- WHAT IS REQUIRED -
Could you copy every record below exactly as it stands?

- INFORMATION -
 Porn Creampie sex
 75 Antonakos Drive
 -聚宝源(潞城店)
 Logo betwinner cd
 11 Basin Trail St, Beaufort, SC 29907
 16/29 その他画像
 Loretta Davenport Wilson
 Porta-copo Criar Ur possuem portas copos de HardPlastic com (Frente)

- ANSWER TO THIS PROBLEM -
 Porn Creampie sex
 75 Antonakos Drive
 -聚宝源(潞城店)
 Logo betwinner cd
 11 Basin Trail St, Beaufort, SC 29907
 16/29 その他画像
 Loretta Davenport Wilson
 Porta-copo Criar Ur possuem portas copos de HardPlastic com (Frente)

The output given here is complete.